▸ The problem
The word "Picture" marks the lines you need; copy each of them from the data.

= = = =

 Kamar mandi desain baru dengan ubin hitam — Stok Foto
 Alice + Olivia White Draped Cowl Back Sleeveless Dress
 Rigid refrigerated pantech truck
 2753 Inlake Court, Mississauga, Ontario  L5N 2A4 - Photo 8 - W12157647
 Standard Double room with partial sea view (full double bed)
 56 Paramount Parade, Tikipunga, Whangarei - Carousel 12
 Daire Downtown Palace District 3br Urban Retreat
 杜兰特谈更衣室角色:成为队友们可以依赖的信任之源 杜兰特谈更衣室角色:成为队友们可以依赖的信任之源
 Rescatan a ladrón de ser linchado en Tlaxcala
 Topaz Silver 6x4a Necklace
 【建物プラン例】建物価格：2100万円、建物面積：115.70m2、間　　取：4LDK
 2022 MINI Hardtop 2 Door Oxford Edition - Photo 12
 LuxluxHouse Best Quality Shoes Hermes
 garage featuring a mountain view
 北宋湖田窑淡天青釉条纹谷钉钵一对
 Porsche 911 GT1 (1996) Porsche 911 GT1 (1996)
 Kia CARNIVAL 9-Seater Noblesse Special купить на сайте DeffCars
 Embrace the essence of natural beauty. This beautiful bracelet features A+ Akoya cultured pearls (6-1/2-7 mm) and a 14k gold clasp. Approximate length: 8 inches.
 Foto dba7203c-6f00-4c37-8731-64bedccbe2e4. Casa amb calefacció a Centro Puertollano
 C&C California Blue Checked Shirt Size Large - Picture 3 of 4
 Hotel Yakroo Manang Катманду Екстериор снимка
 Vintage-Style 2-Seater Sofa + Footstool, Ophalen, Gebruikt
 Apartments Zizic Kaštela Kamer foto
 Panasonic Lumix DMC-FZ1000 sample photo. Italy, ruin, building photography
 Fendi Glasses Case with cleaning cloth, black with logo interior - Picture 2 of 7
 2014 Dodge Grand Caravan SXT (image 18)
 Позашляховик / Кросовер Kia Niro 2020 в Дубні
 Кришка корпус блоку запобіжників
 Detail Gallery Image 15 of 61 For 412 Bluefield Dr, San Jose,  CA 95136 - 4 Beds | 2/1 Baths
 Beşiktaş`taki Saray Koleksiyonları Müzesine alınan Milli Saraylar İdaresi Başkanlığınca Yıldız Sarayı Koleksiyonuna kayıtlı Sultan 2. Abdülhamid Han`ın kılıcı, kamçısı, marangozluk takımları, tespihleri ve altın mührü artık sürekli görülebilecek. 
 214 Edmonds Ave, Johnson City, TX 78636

= = = =

▸ Solution below
 C&C California Blue Checked Shirt Size Large - Picture 3 of 4
 Fendi Glasses Case with cleaning cloth, black with logo interior - Picture 2 of 7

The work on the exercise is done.